GIVEN RECORDS: Begin

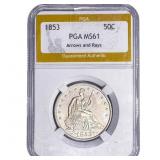 1853 Seated Liberty Half Dollar PGA MS61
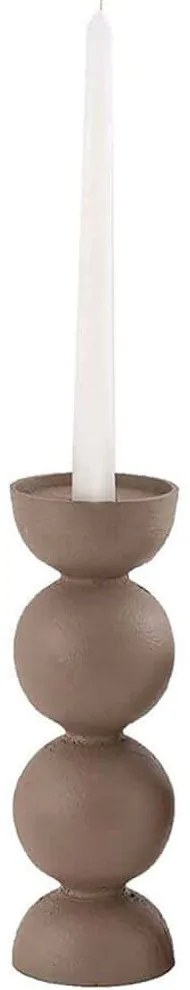 Κηροπήγιο Formas 027129 8x8x24cm Beige Αλουμίνιο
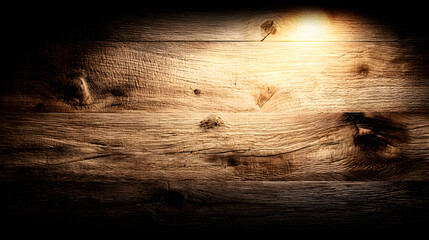 Close-up of rustic wooden surface with warm lighting, highlighting natural textures and grain patterns.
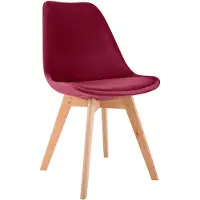 CLP Linares Eetkamerstoel - Design Keukenstoel - Scandinavisch Kuipstoel - Houten Poten Fluweel/rood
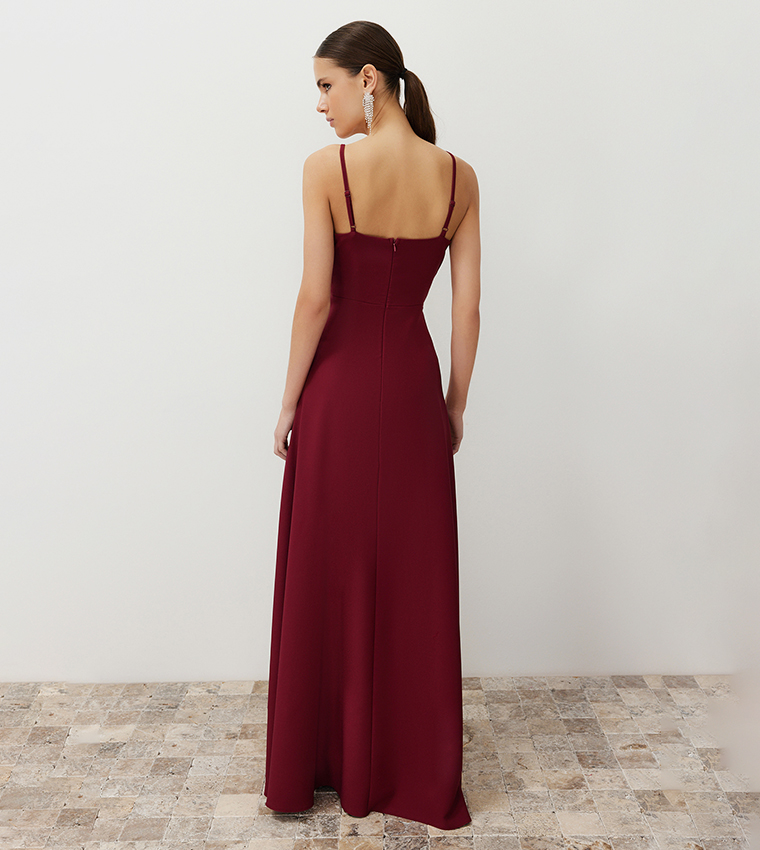 Solid Strappy Slit Maxi Dress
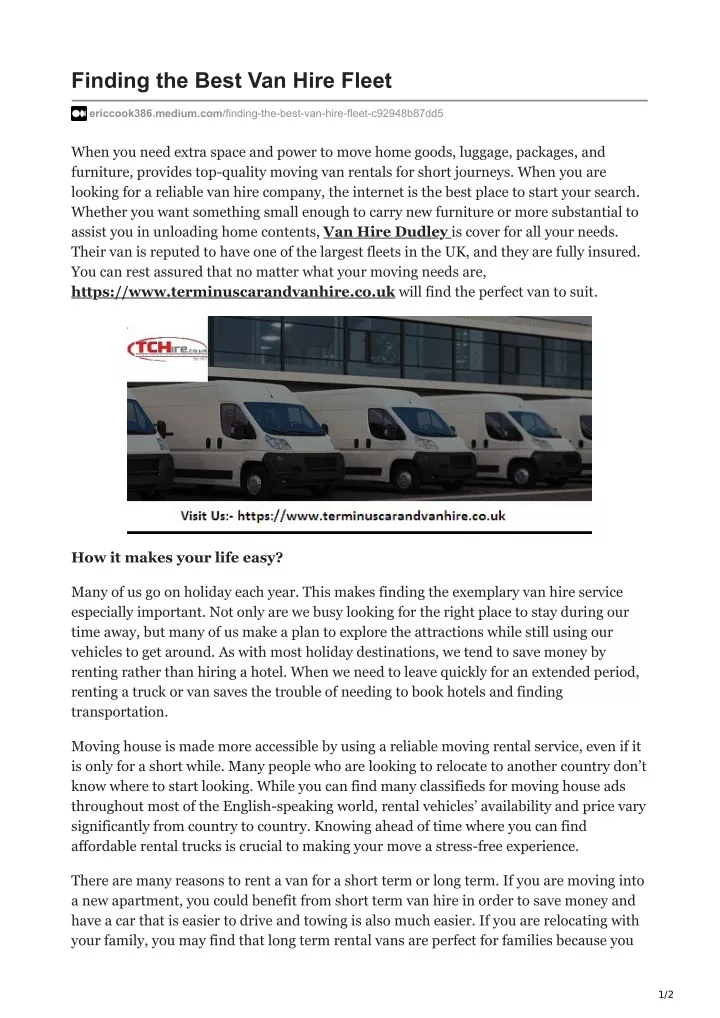 finding the best van hire fleet
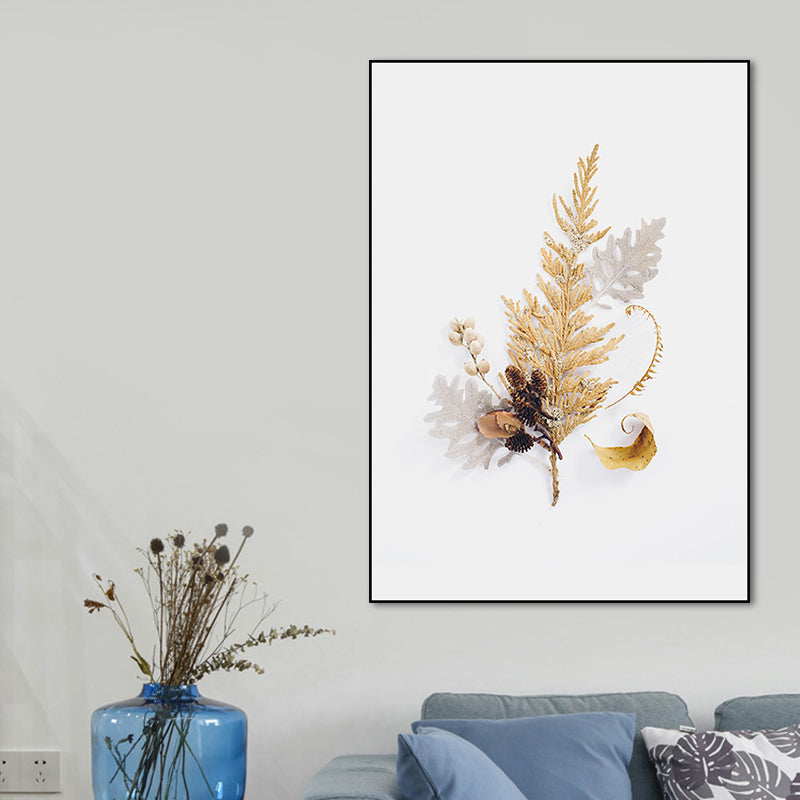 Canvas Home Decor Wall Art Minimalism Leaf and Gold Powder Paintings in Light Color Clearhalo 'Art Gallery' 'Canvas Art' 'Contemporary Art Gallery' 'Modern' Arts' 1656130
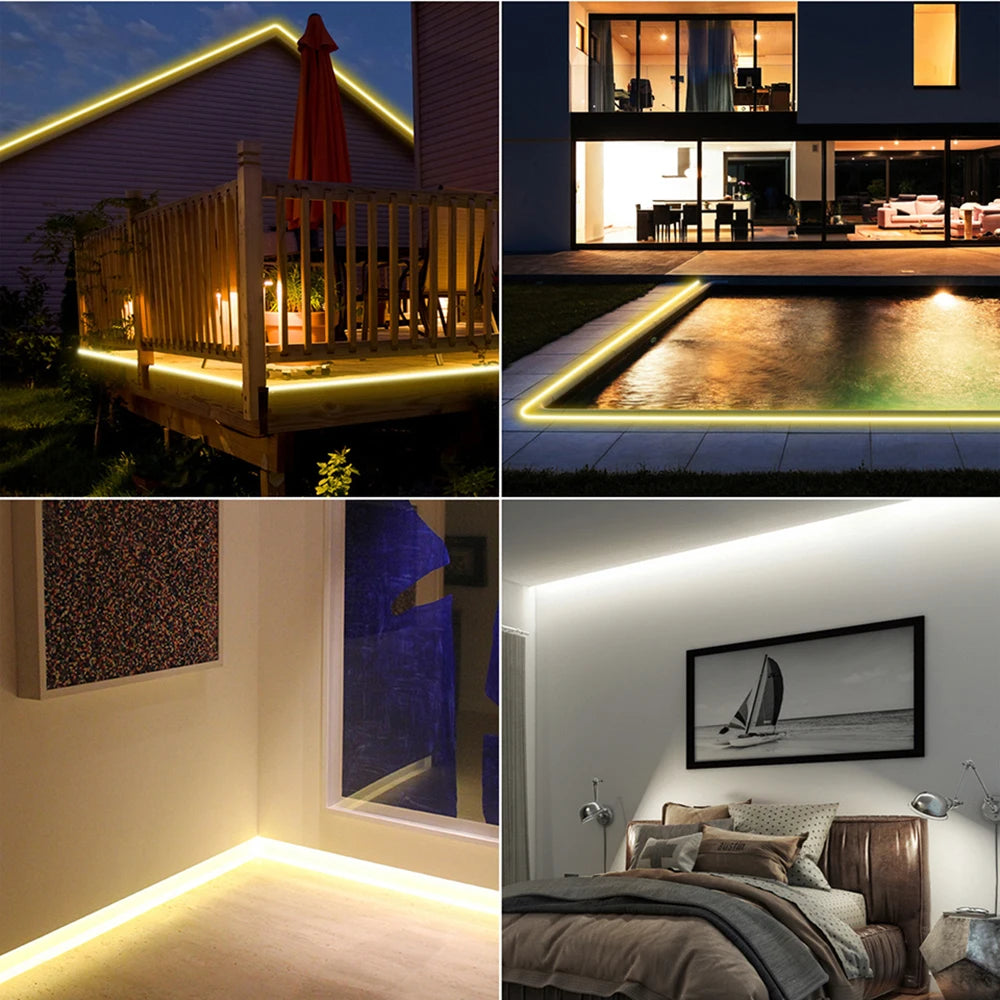 220V COB LED Neon Strip Light Wall Touch Wifi Bluetooth 23key Remote Control Power Kit Dimmable 288 LEDs Flexible Silicone Lamp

GIVEN RECORDS: End

**PROBLEM DETAILS**:
Write the listing above out again exactly, but not the images it holds.

**RESPONSE**:
 1853 Seated Liberty Half Dollar PGA MS61
 Κηροπήγιο Formas 027129 8x8x24cm Beige Αλουμίνιο
 Close-up of rustic wooden surface with warm lighting, highlighting natural textures and grain patterns.
 CLP Linares Eetkamerstoel - Design Keukenstoel - Scandinavisch Kuipstoel - Houten Poten Fluweel/rood
 Solid Strappy Slit Maxi Dress
 finding the best van hire fleet
 Canvas Home Decor Wall Art Minimalism Leaf and Gold Powder Paintings in Light Color Clearhalo 'Art Gallery' 'Canvas Art' 'Contemporary Art Gallery' 'Modern' Arts' 1656130
 220V COB LED Neon Strip Light Wall Touch Wifi Bluetooth 23key Remote Control Power Kit Dimmable 288 LEDs Flexible Silicone Lamp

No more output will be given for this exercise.